一場金碧輝煌的短暫喜宴——在莫斯科Metropole飯店宴請金婚五十週年——能夠映射出什麼?這正是《生命輓歌》的主題,畫外獨白如是問著:「我看著他們,等著會發生一些什麼?」但鏡頭似乎沒有等到什麼,或者蘇古諾夫看到的「沒有發生什麼」就像是「新寫實」的靜止鏡頭強迫著思維的啟動,要求著更為深沉的事件與運動。一開頭從「開展部」(用甜點前薇希娜維斯卡雅的致詞)離開後,便一次次地回到不同時間點、不同情緒殘留的「宣敘調」(入座前、上菜前、吹蠟燭……),而結束在薇希娜維斯卡雅在宴會餐桌前直視鏡頭的一只微笑,呼應著蘇古諾夫一開始的自問自答「我錯了,在他們倆眼前有著許多的事情……」,彷彿作為開場的「微笑」穿越過鏡頭的鏡面,結束了紀錄片。
這是蘇古諾夫的輓歌曲式,那金碧輝煌的喜宴所映射的是維也納聽眾崇拜的凝視與凝聽、音樂家同索忍尼辛分享的流亡生命、羅斯卓波維奇對音樂的看法、薇希娜維斯卡雅的喪子之痛、他們與普羅高菲夫、蕭士塔高維奇的密切關係以及與穆梭斯基的間接緣分、博物館式的居家、家族與事業的歷史等等,皺褶式的「倒敘」(也就是小段倒敘所形成的序列,而不是單一軸線的倒敘)使得每一次的「皺褶—倒敘」與另一次的「皺褶—倒敘」之間形成共鳴,讓宴會成為一個晶體、成為一個共鳴場,一方面疊合著生命中的矛盾情感,另一方面讓音樂家被擷取的音樂片段不淪為供人賞玩的廉價產品,而是彼此共構生命音樂的迴音空間元素;特別是第二部分後半部,影片愈是頻繁且短促地回到宴會,其間剪接的排練與對話就愈是拉長,換句話說,映射的距離便加長,並讓剪接的語言痕跡逐漸地消失在愈來愈長的音樂聲中。如此一來,蘇古諾夫的「輓歌」絕非一種隱喻,當然同樣無法斷言他精心為影片規劃著一種音樂結構,但無可避免地如同一種宿命的交會,「輓歌」成為他與音樂無法迴避的命運。

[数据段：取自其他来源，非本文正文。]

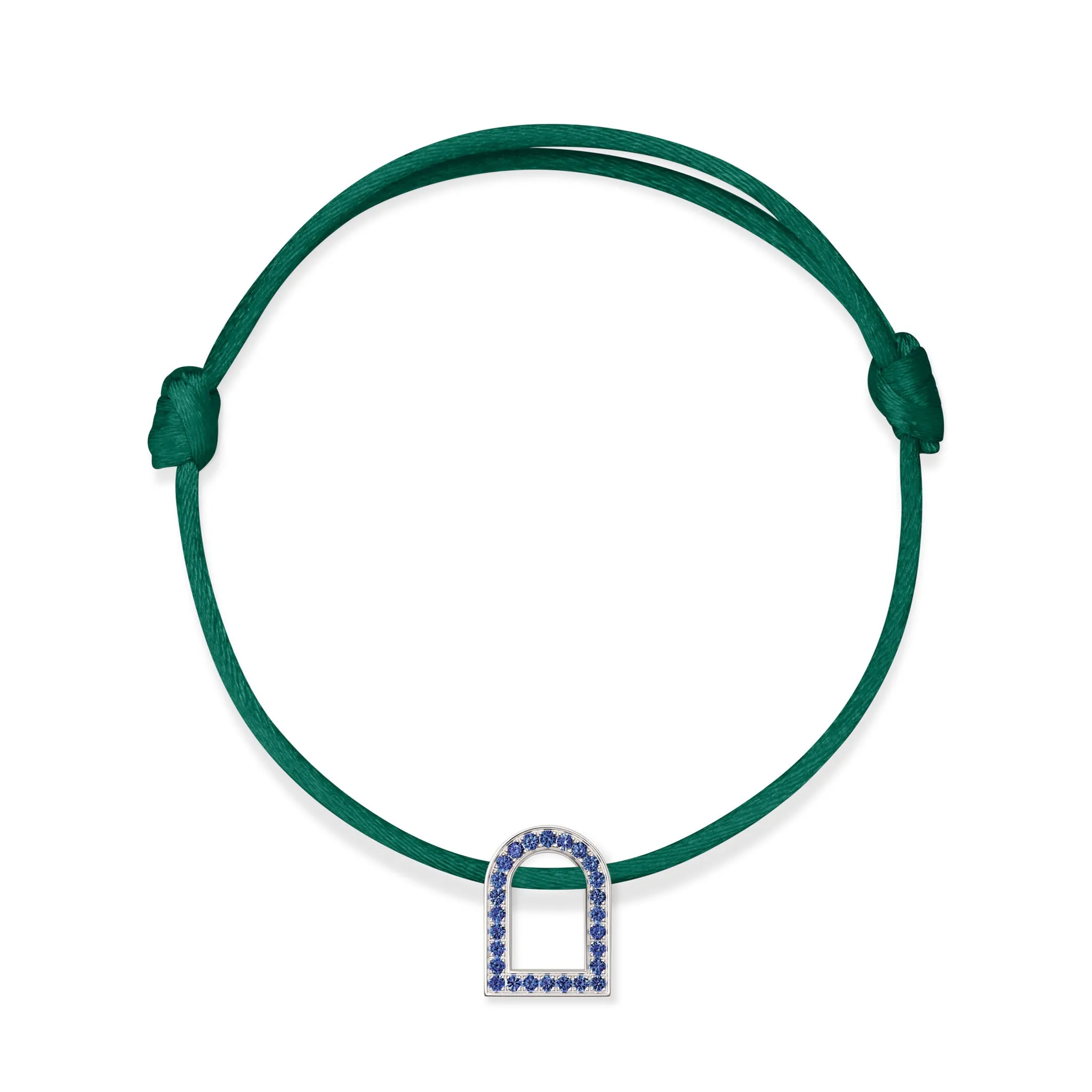 L'Arc Voyage Charm MM, 18k White Gold with Galerie Blue Sapphires on Silk Cord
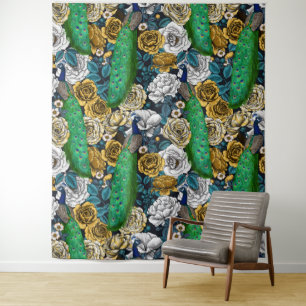 Tapiz Pacocas en el jardín rosa 3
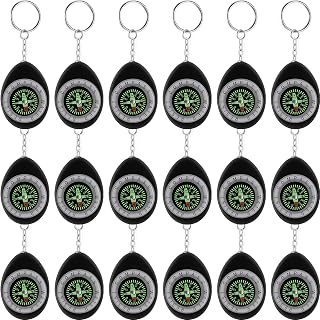 Janinka 18 Pcs Small Keychain Compass for Kids Hiking and Survival Mini Pocket Compass Bulk for Outdoor Camping Scout Party Favor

再說,一如蘇古諾夫過去的紀錄片,大量存在著「畫外獨白」,導演總是用一種低沉近於耳語的聲音,說著影像——描繪影像、比對著影像或是詮釋影像——,但由於之前作品的影像往往被抽象化為一種「精神」影像,讓我們常常將這樣的聲音演出同影像作同一化的想像,如《日本輓歌》、《旅途輓歌》;或說如《創世紀》中甚至將鏡頭等同於角色。然而,在《生命輓歌》中卻因為影像自身保留某種紀實影像的既有表現,而使得畫外獨白與影像之間無法建構一種「自然」的同步關係,相反地,距離拉遠了,影像所記錄的外在世界或拍攝對象,同貼近收音的內在話語之間,存在著無法彌補的距離。然而,正是這無法彌補的距離給出了一種「客觀」的實驗性——「客觀」來自於「主觀」與待詮釋對象之間的巨大不確定性;特別是他對於維也納愛樂的觀眾特寫鏡頭,以「設身處地」的方式進行任意詮釋,或是他對於宴會中薇希娜維斯卡雅的特寫進行另一種主觀對話:「她的眼神讓我覺得我知道她正在想什麼」。影像同說明的畫外音之間,存在著一種難以跨越的距離,如果其中存在著「客觀」距離,那必然就是鋪陳著想法的「聲音」並不貼近影像,而是凝視著影像。這樣的「畫外獨白-影像」不只造成聲音與影像之間的對質,同時也同音樂家自身的訪談影像之間形成對話,前者不斷建構著導演往返於現象和自身內在的世界,而後者則是建構著被拍攝對象整體的許多碎片。或許蘇古諾夫追求著這樣的「對話」,因為在現實的訪談中蘇古諾夫並沒有介入太多,他像是一個謹慎忠實的傾聽者,但通過蒙太奇的處理之後,出現了另一種無法在現實中即時發生的對話。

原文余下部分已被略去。